Vendredi dernier, alors que Faustin Boukoubi devenait président de l’Assemblée nationale, tard dans la nuit, Julien Nkoghe Bekale a lui aussi été nommé Premier Ministre par Ali Bongo Ondimba depuis le Maroc où il poursuit sa convalescence suite à un AVC, le 24 octobre dernier en Arabie Saoudite. Il n’aura fallu donc au nouveau Premier Ministre que quelques 24 heures pour former son gouvernement de concert avec le Chef de l’Etat. Mais le choix des deux personnalités est très vite vu comme le retour en force des anciens, accusés de bloquer le développement du pays.
38 membres y compris le premier ministre contre 41 pour l’équipe précédente. C’est le nombre des ministres qui composent le gouvernement de Julien Nkoghe Bekale, alors que l’ancien premier ministre, Emmanuel Issoze-Ngondet, envoyé paître dans l’anonymat à la médiature de la République n’a pu remettre son tablier en mains propres au Président de la République, en plein convalescence à Rabat au Maroc. Manifestement, la grande bourrasque annoncée n’aura pas eu lieu. Tout comme la réduction de la taille du gouvernement que nombreux subodoraient à une vingtaine de ministres, en raison de la cure d’austérité adoptée par le gouvernement Issoze-Ngondet III, qui disait réduire la masse salariale qui obère considérablement les politiques d’investissements.
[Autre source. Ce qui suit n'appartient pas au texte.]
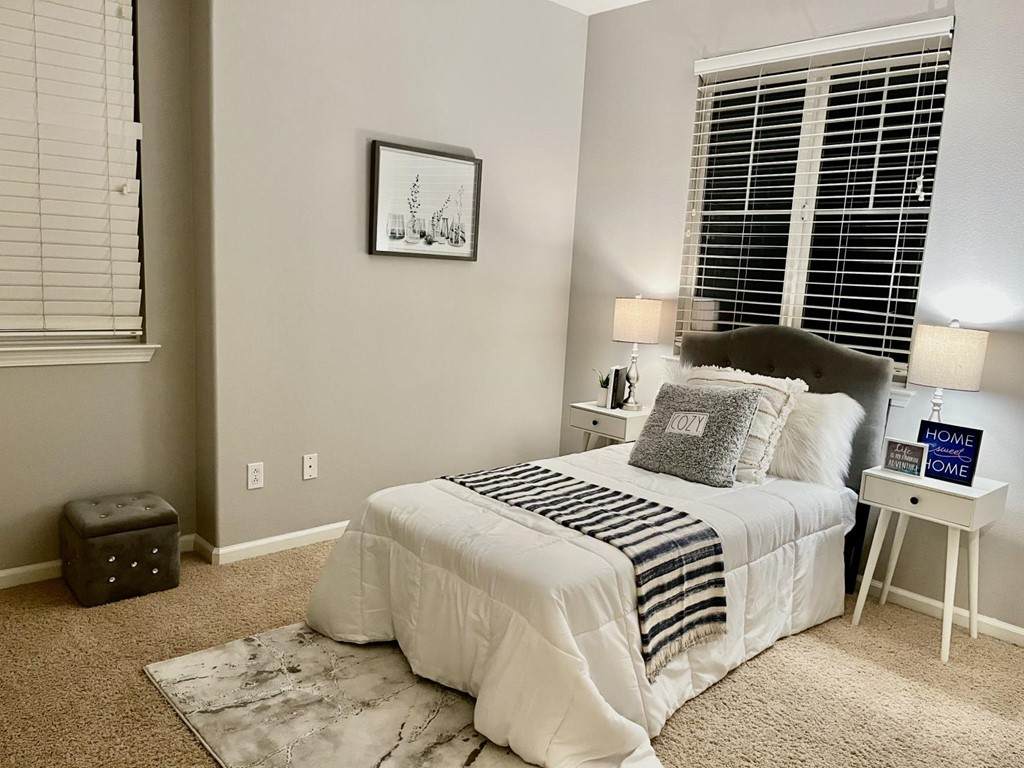 670 Woodland Terrace - Photo 1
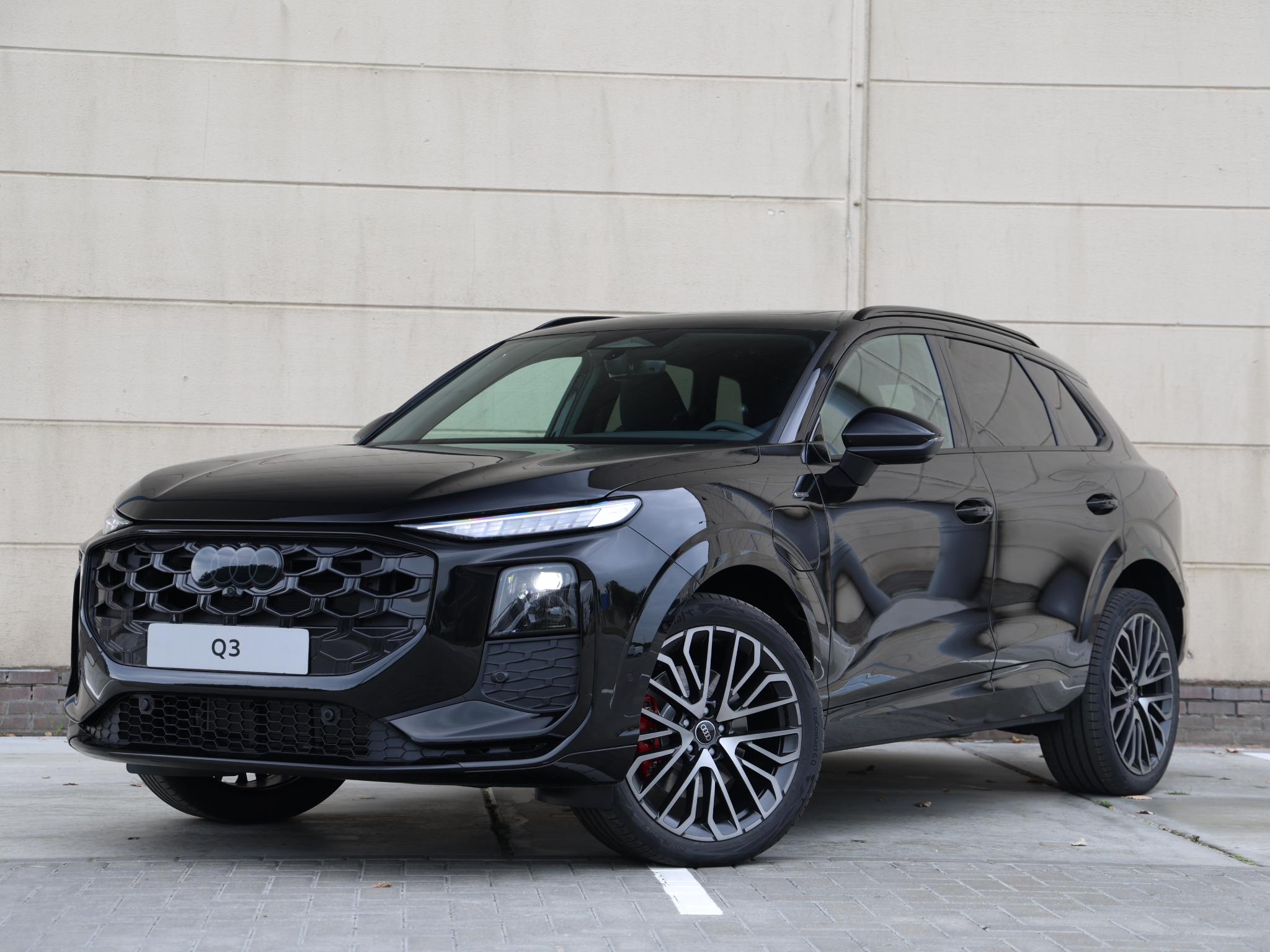 Audi Q3 S edition e-hybrid 200 kW / 272 PK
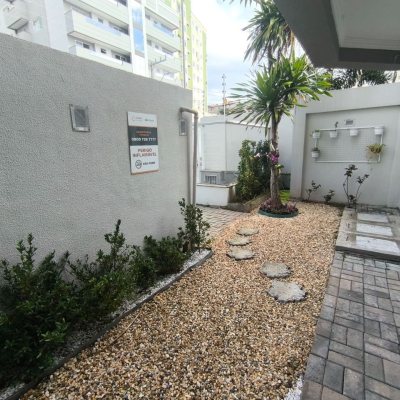 Apartamentos com 61m², 2 quartos, 1 garagem, no bairro Barreiros em São José
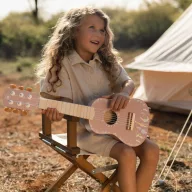 Little Dutch Safari Friends fa játék gitár pink színben szemből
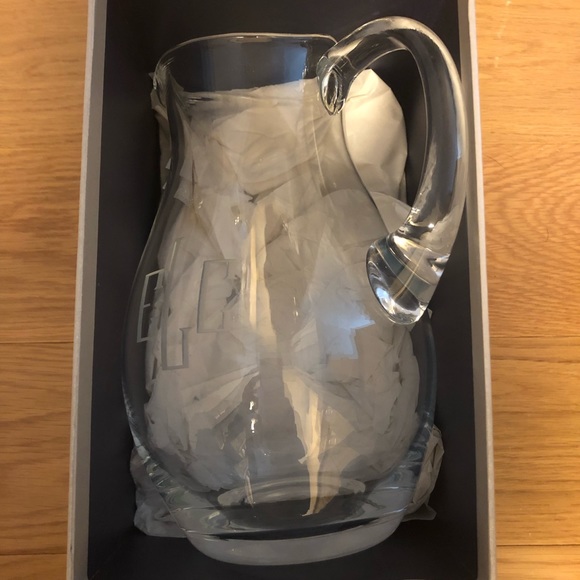 Pitcher - Picture 5 of 5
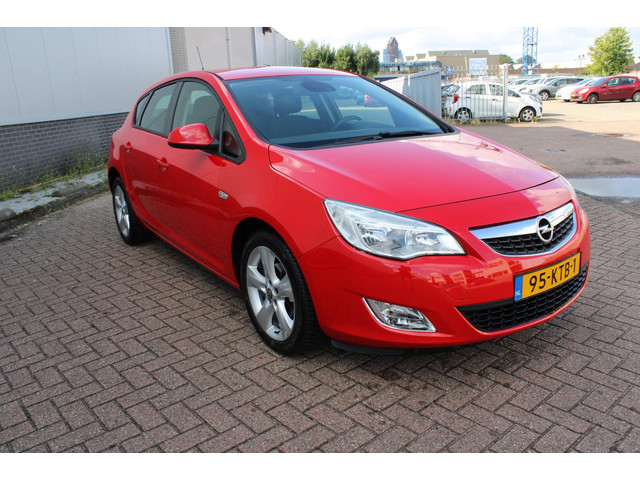 Foto 10 van Opel Astra 1.6 Edition
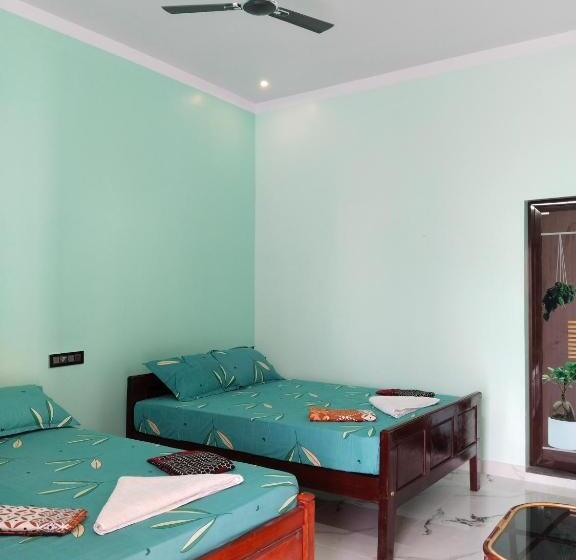 Отель Vedhav Residency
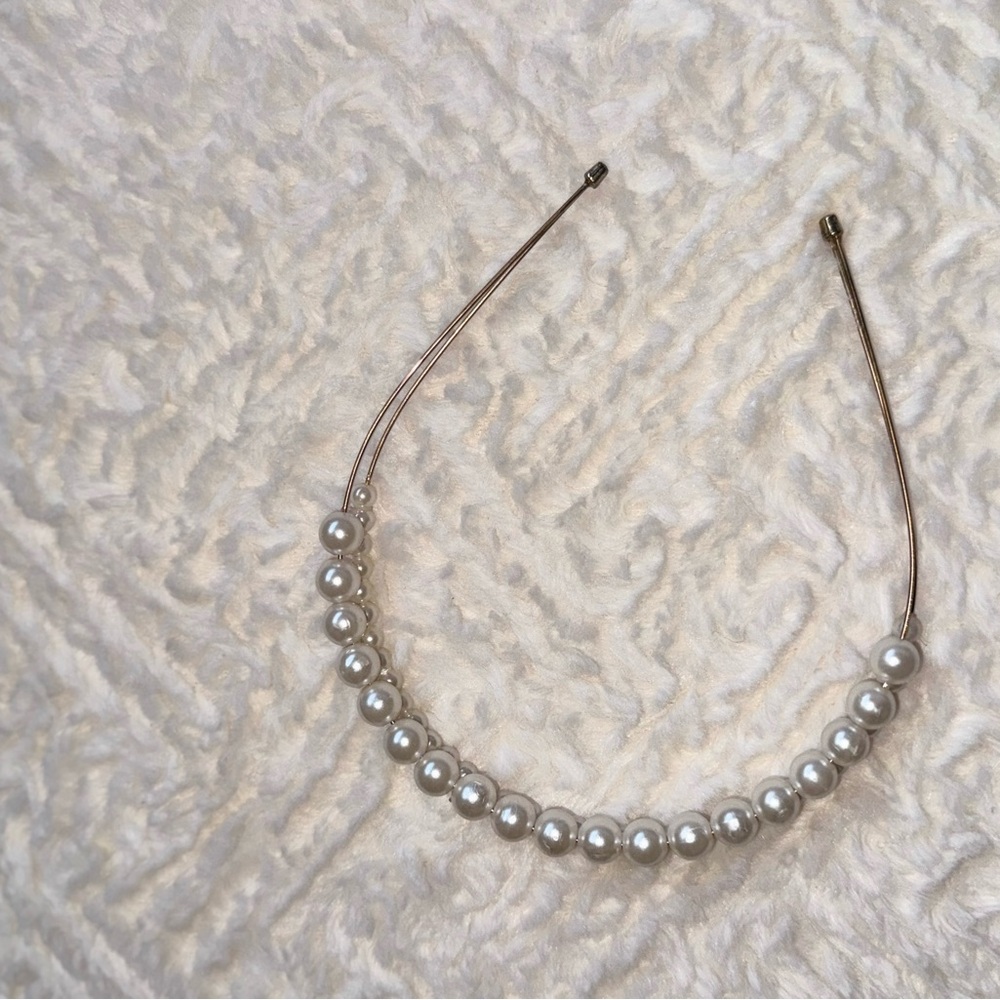 Elegant Pearl Headband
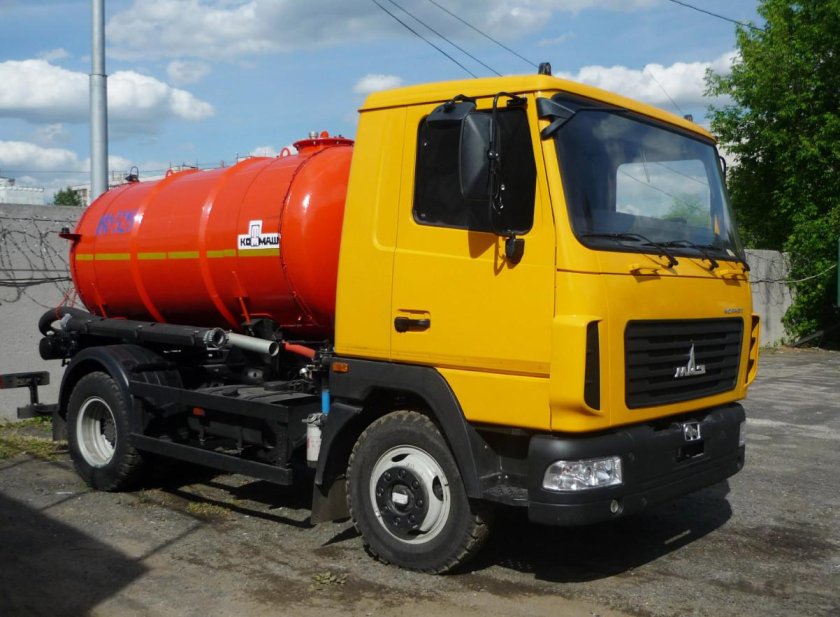 МАЗ 4571 ассенизатор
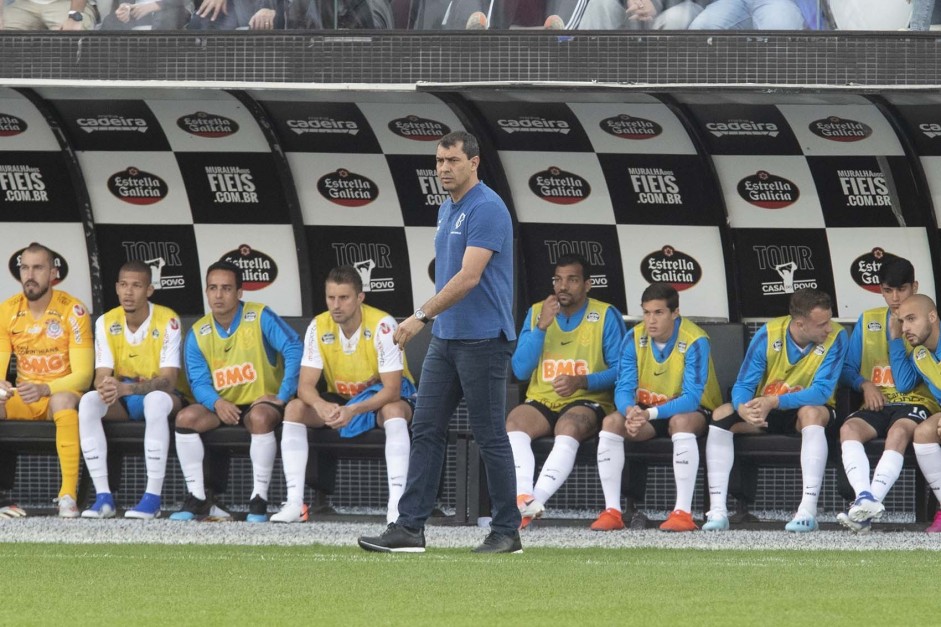 Carille durante jogo contra o Flamengo, na Arena Corinthians, pelo Brasileiro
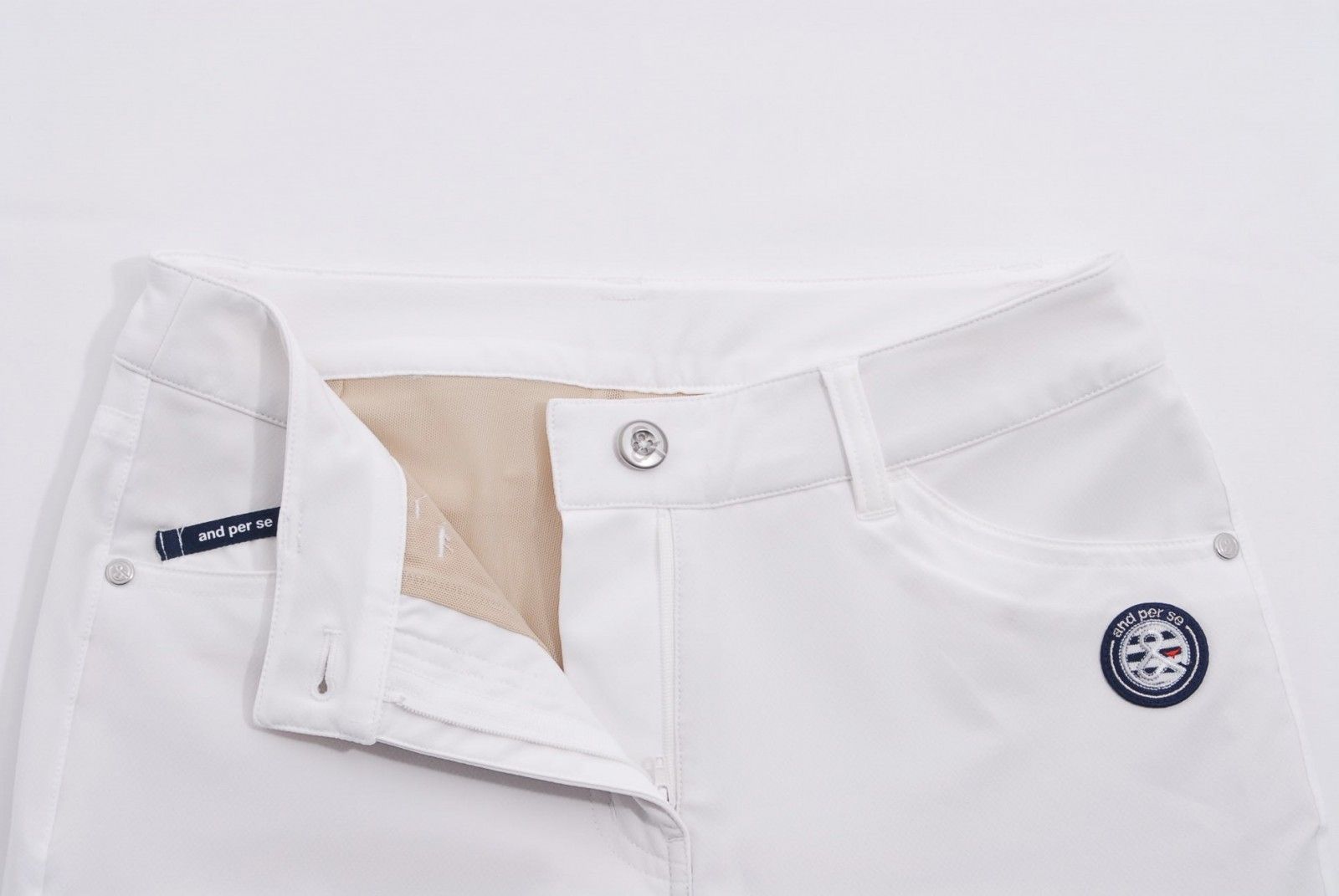 アンパスィand per seレディースパンツ ホワイト未使用新品 9/10まで値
Rien de tout cela ne s’est donc produit.
Excepté un petit jeu de chaises musicales entre quelques ministres, et quelques nouvelles entrées, dans l’ensemble rien n’a véritablement changé. Normal ! Puisque le choix du premier ministre est en lui-même très loin d’inspirer une nouveauté notable car Julien Nkoghe Bekale, ancien membre du gouvernement à la traîne n’est pas un inconnu des arcanes de l’administration. Rappelé dans le gouvernement Issoze-Ngondet suite au remaniement du 4 mai dernier, il ne doit en grande partie son choix que par la logique géopolitique qui voudrait qu’un premier ministre soit toujours un fang de l’Estuaire. Alors qu’on avait cru ce critère géo-ethnique définitivement banni avec la nomination en 2016 d’Issoze-Ngondet, originaire de l’Ogooué Ivindo, on est comme revenu à la case de départ. Ne dit-on pas qu’à force de chasser le naturel, il revient au galop ?
Quid de Faustin Boukoubi ?
Le naturel au galop, c’est aussi ce qui semble avoir guidé le choix du désormais président de l’Assemblée Nationale, Faustin Boukoubi, originaire de l’Ogooué Lolo, après les 19 ans de règne emblématique de Guy Nzouba Ndama de la même localité. Voilà qui fait penser à certains Gabonais, la règle non-écrite du titre foncier de certaines institutions qui ne peuvent être dirigées que par des ressortissants d’une province localisée. Au fond, il y a comme une force irrésistible de la reculade et du sur place qui tient prisonniers les gouvernants, malgré les bonnes intentions du changement.
Car si du côté du palais, les choix de Boukoubi et de Nkoghe Bekale peuvent être expliqués par la richesse de leur expérience, au sein de l’opinion, tout cela est interprété comme une volonté de confisquer les mêmes chances aux autres générations ou personnalités, qui peuvent, elles aussi faire valoir leurs aptitudes à ces postes. Tout cela avec l’idée que le pouvoir est une affaire de castes qui tournent en rond et se relaient entre elles. Puisqu’à force de vouloir faire du neuf coute-que-coute avec les vieux, on finit par établir la gérontocratie en règle de gouvernance, qui bloque l’éclosion de nouvelles énergies et donc de nouvelles chances. Bref, avec le Premier ministre et le président de l’Assemblée nationale, il y a comme un retour triomphal des anciens.